There were indeed grave questions awaiting solution; questions of great perplexity and embarrassment, though of a domestic and peaceful character; some of them the more perplexing because they bore upon 'those jealousies of race which are the sources of almost all our difficulties in India.' But as regards such questions his habitual caution, as well as the philosophic turn of his mind, led him to study very carefully all the conditions of each problem before attempting to propound any solution of his own; and in the meantime he felt that his duty was to employ any personal influence which he could acquire in smoothing the course of such measures as had been set in operation by the authority of others. 'The first virtue,' he said to one of his colleagues, 'which you and I have to practise here at present is Self-denial. We must, for a time at least, walk in paths traced out by others.'

But though, for the reasons above stated, it would be a mistake to look in the records of the time for any great measures, executive or administrative, on which he had set his mark, his various speeches and letters, more especially the full and frank communications which he addressed from time to time to the Secretary of State for India, Sir Charles Wood, show with what keenness of interest, as well as with what sagacity, he approached the study of Indian questions. A few extracts from his correspondence are here given to illustrate this; and as affording some indication of the unremitting industry with which he laboured at this period, searching into and maturing his views upon one difficult subject after another, as well as the whole plan of Indian government.

To Sir Charles Wood.

Calcutta, April 9th, 1862.

[Sidenote: The Army.]

Now for the Army. I must observe, in the first place, that in the reasoning employed here in favour of the maintenance of a large army, native and European, there is a good deal that is circular, and puzzling to a beginner.

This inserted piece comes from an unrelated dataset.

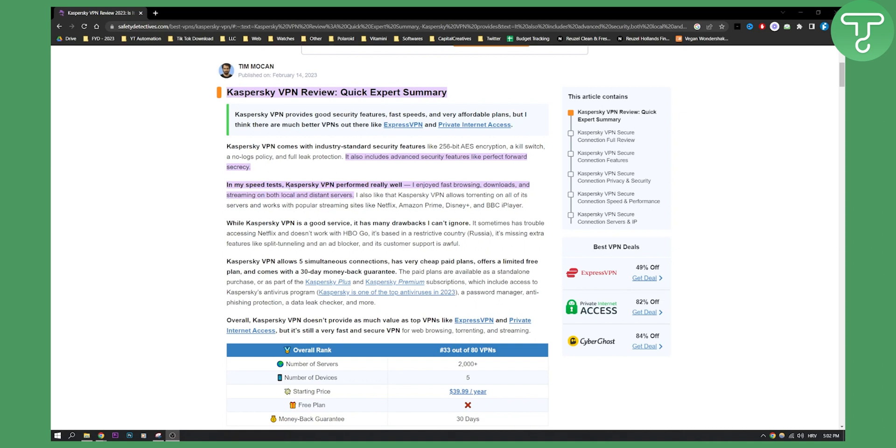As you can see in the speed tests of Tim right here, Kaspersky VPN performed really well. It is fast with fast browsing, downloads, and streaming on both local and distant servers.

When I ask why so considerable a native army is required, I am told that the native must bear a certain proportion to the European force; that Europeans cannot undertake cantonment duties, or, speaking generally, any of the duties which the military may from time to time be called to render in support of the civil power, during peace; that in war, again, they are admirable on the battle-field, but that they cannot turn their victories to account by following up a discomfited foe, unless they have the aid of native troops, nor perform many other services which are not less indispensable than great battles to success against an enemy who knows the ground and is inured to the climate.

This line of argument very naturally raises the question, wherefore then is the maintenance of so large a European army necessary? Rebellion has been crushed, and European troops are not suited for the repression of such local disturbances as occasionally occur. There is little present prospect of war from without, though Persia is moving towards Herat, and apparently preparing for Dost Mohammed's death. The answer which I invariably receive is this—'You cannot tell what will happen in India. Heretofore you have held the Sikhs in subjection by the aid of the Sepoys, and the Sepoys by means of the Sikhs. But see what is happening now. The Sikh soldiers are quartered all over India. They are fraternising with the natives of the South—adopting their customs and even their faith. Half the soldiers in a regiment lately stationed at Benares were converted to Hindooism before they left that holy place. Beware, or you will shortly have to cope in India with a hostile combination more formidable than any of those which you have encountered before.' If you draw from all this the inference that what you really dread is your native army, you get into the vicious circle again.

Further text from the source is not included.